THE tragedy in India, unleashes a multitude of emotions; it is vital in these terrifying times to channel them wisely.
Reading about world events anymore is, at the minimum, an exercise in disbelieving double takes. And so it was in Mumbai, India. That 10 men in a dinghy could step off the beach and unleash such destruction over such an extended period is still unfathomable.
That is the denial stage in the five stages of grief identified by psychiatrist Elizabeth Kubler-Ross. The anger stage, however, is by far the most destructive. The Indian media went into Bollywood-like overdrive, reporting ties between the attackers and Pakistan, and Pakistan's media went on the defensive, though after a point the response got mushed. Watching satellite television again became an exercise in serious confusion.
Warmongering began by the public and the media of both India and Pakistan. Calls were made in India to declare Pakistan a terrorist state and to do surgical strikes on terrorist camps. Indignant responses included that "no one dare threaten Pakistan" and playing nationalistic war songs. And in the midst of all this supposedly was a hoax call from Indian Foreign Minister Pranab Mukherjee to Pakistani President Asif Ali Zardari threatening that if action was not taken against the alleged terrorists immediately, India would attack Pakistan. For 24 hours it appears that world leaders lived in trepidation and intervention by the United States and Great Britain was sought to avert an Indian attack.
In the same anger phase came furious letters to the editor and conversations about the alleged silence of Muslims. Jeffery Weiss of the Dallas Morning News wrote on his religion blog that "The question comes up every time there's an attack by terrorists who say they're acting in the name of Islam. 'If all the other Muslims are so peaceful, why don't they condemn these attacks?' As I've pointed out before: They do. But it doesn't generally get much play."
Mr. Weiss goes on in this blog, titled "So why don't other Muslims condemn the terrorists," to mention the organizations that immediately condemned the Mumbai tragedy: "CAIR [the Council on American-Islamic Relations], two networks of Indian-American Muslims, the Muslim Public Affairs Council, a lesser-known Muslim set, and an interfaith group that includes Muslim members. I'm sure that there are more such that didn't land in my box." And truly there are.
No, they say, Muslims must do more. Media blitz? Been there. Full-page ads? Done that. The Islamic Council of North America began an educational drive in Chicago with simple sound bites on billboards, buses, leaflets, and brochures. Another organization in New York passed out educational leaflets in the subway. The response of some to that was their own billboard - "Sharia Law coming to America" - and worry and dread of a "Muslim invasion."
So clearly Muslims either are too silent or now we're proselytizing. We can't win for losing.
Bargaining and depression are the other stages of grief and on a personal and human scale, whether the bombing is of the Marriott Hotel in Islamabad or the Taj Hotel in Mumbai, the tears are the same. The what-ifs are ever-present.

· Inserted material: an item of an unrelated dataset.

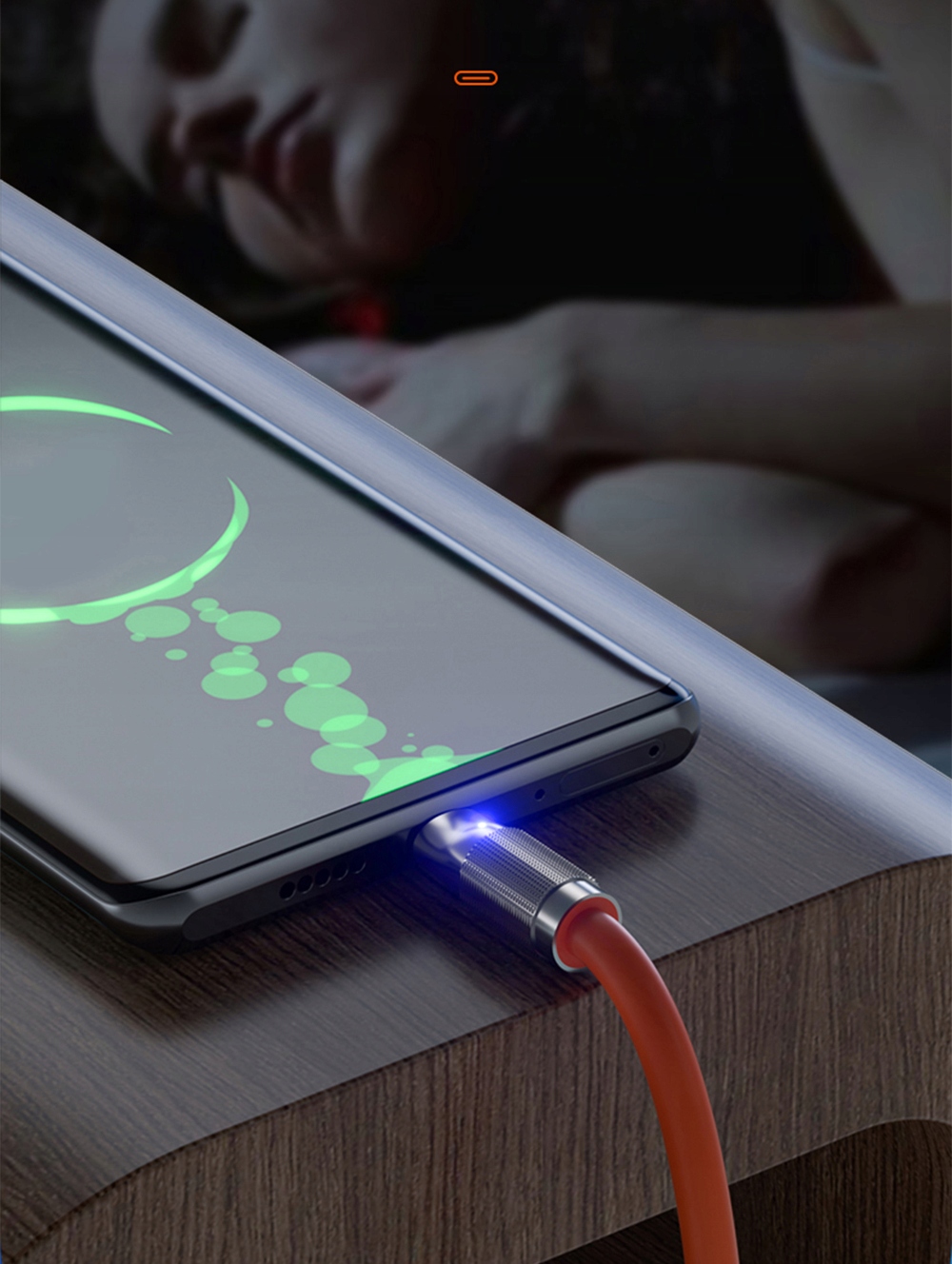 Kabel szybkie ładowanie QC USB Typ C 7,5W 1,5A 2m Wytrzymały Przewód USB C Marka Novaza Tech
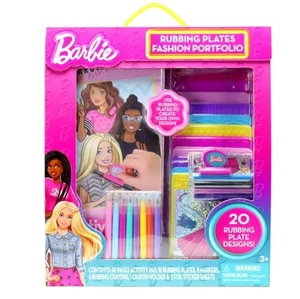 Barbie Set Piatti da Strofinare Kit Attività Artistiche Piatti Texture Cassa di Carta Diversi - Foto 1 di 5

Ms. Kubler-Ross claimed that until one crossed over to the stage of acceptance, one vacillated randomly between the first four stages and the graduation to the point of acceptance varied from person to person.
Extrapolating the ripple effect, it is vital that as responsible members of the world community we, as those fortunate ones not physically affected by these terrible tragedies, act responsibly and maturely. Gwynne Dyer, a brilliant British columnist, puts it well: Terrorists are like common criminals, mercenaries if you will, and should be treated as such.
Conjecture and history put the culprits as coming from Pakistan. And yet India has all of 20 active insurgencies within its borders with a very angry ultra-right-wing Hindu party the RSS. That Hemant Karkare, the anti-terrorist squad chief who was investigating the workings of certain right-wing Hindu parties, was killed during the Mumbai attack, and his family refused to accept monetary help from the right-wing state government, is worthy of notice.
The key issue is evidence. And if evidence is provided that the heinous crimes were committed by the citizens of whichever country, full legal recourse and punishment must apply. President Zardari and Prime Minister Yousaf Raza Gilani of Pakistan have promised to do so. Until then we must, difficult as it is, hold our horses.
There was a time when events half a world away were remote. With globalization and the Internet revolution, the opinion of all citizens of the world becomes important.
We must apply restraint and wisdom, for our anger in impassioned letters to the editor can gain enough momentum to combine with fury abroad and trigger war between neighbors that, sadly, have an acrimonious history and are nuclear powers.